The Belgian artist has production credits on “Falling Back”, “Calling My Name” and “Flight’s Booked”, giving these tracks the same dreamy and moody touch he also gave in his work with famous artists such as Machine Gun Kelly, Young Thug and Gunna. But while Lustig’s highest-profile production exists in the hip-hop realm (he has another writing merit Honestly, it doesn’t matter“Overdrive”), is also an established ambient producer, whose latest single “Breathe” features Elohim. (Lustig also got a major profile boost when BTS used his trap-oriented song “Under Pressure” in a 2018 dance practice video.)
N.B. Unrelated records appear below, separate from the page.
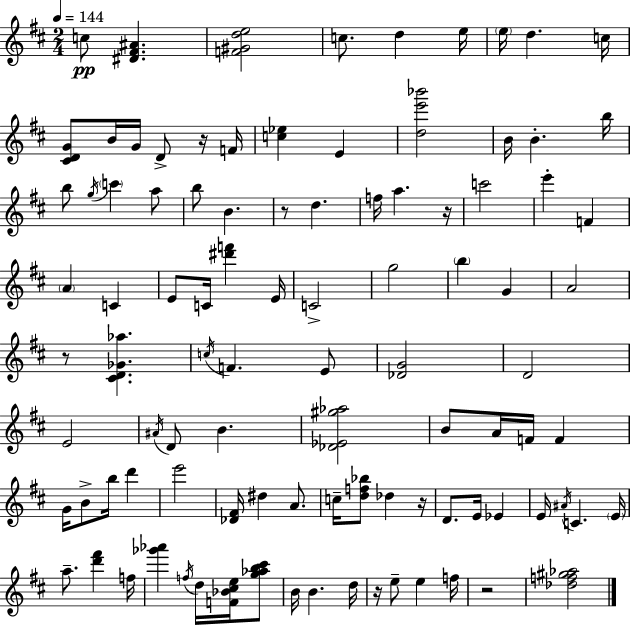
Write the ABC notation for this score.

X:1
T:Untitled
M:2/4
L:1/4
K:D
c/2 [^D^F^A] [F^Gde]2 c/2 d e/4 e/4 d c/4 [^CDG]/2 B/4 G/4 D/2 z/4 F/4 [c_e] E [de'_b']2 B/4 B b/4 b/2 g/4 c' a/2 b/2 B z/2 d f/4 a z/4 c'2 e' F A C E/2 C/4 [^d'f'] E/4 C2 g2 b G A2 z/2 [^CD_G_a] c/4 F E/2 [_DG]2 D2 E2 ^A/4 D/2 B [_D_E^g_a]2 B/2 A/4 F/4 F G/4 B/2 b/4 d' e'2 [_D^F]/4 ^d A/2 c/4 [df_b]/2 _d z/4 D/2 E/4 _E E/4 ^A/4 C E/4 a/2 [d'^f'] f/4 [_g'_a'] f/4 d/4 [F_B^ce]/4 [g_ab^c']/2 B/4 B d/4 z/4 e/2 e f/4 z2 [_df^g_a]2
In a 2018 interview, Lustig noted that his ethereal ambient soundscapes (which are mostly exhibited in the second section of “Calling My Name”) were inspired by the panic attacks he experienced as a teenager. “I often went out in the middle of the night listening to ambient music,” she said. “For me it was a miracle cure. Ever since I’ve recovered from all of this, I’ve always had those ambient elements in much of my music. “
The South African producer – who won the 2022 Grammy for best dance / electronic album for his LP Unconsciously – it’s all over Honestly, it doesn’t matter, with production credits on “Texts Go Green”, “Calling” and “Overdrive”. Born artist Nkosinathi Maphumulo gives his contributions to Drake’s LP the same sophistication and urgency that became his signature when he became a leader of the global dance scene in recent years, with “Texts Go Green” in particular sounding like something. that “D be completely comfortable on a version of Black Coffee. Again this isn’t the first time Maphumulo has worked with Drake, having produced” Get It Together “since 2017 More life.
Carnage / Gordo
when Scoreboard the last time he spoke to the veteran electronics maker, he was making Zoom from a guest room at Drake’s home in Toronto, and now we know why. Born artist Diamanté Blackmon, who recently retired his longtime and hugely successful bass-centric Carnage project to focus on his home-oriented production as Gordo, has produced multiple songs on Honestly, it doesn’t matter than other artists: “Currents”, “Calling My Name”, “Sticky”, “Massive” and “Tie That Bands”. Drake’s name also checks it in “Sticky”, stating that “Gordo put me on a wave”. (Please also see These photos by Blackmon from Honestly, it doesn’t matter release party, which he called the “proudest day” of his life.)
Really, a better or more high-profile sequel could not have been designed for the Carnage to Gordo transition, with Blackmon giving the album the same beefy house beats he is now delivering in clubs around the world with his new. nickname. “Thank you brother for trusting me and allowing me to be part of the vision,” Blackmon tweeted to Drake when the album comes out. “I never considered it in the equation for the start of my next chapter, but thank you.”
Having previously collaborated with many other dance artists, including companions Honestly, it doesn’t matter producers Black Coffee and Keinemusik, US-based Australian-born producer and singer Ry X fits perfectly into Drake’s LP, lending his creepy falsetto to “Sticky”. For half of the electronic duo Howling and one third of the electronic group The Acid, Ry X is a true chameleon of the global electronic scene and has also released his new solo album, Red Moonthe same day Honestly, it doesn’t matter fallen off.
The mainstay of OVO Radio Govi is a longtime fixture of the Toronto underground electronic scene and has previously produced tracks for artists including Nicki Minaj, Sabrina Claudio and Drake, with Govi working on Certified lover boy“Run in my mind”. Co-produced by Govi, Honestly, it doesn’t matter“Flight’s Booked” from “Flight’s Booked” is assembled from the same experimental 3am beats heard on the producer’s debut LP Where do we fall released last month.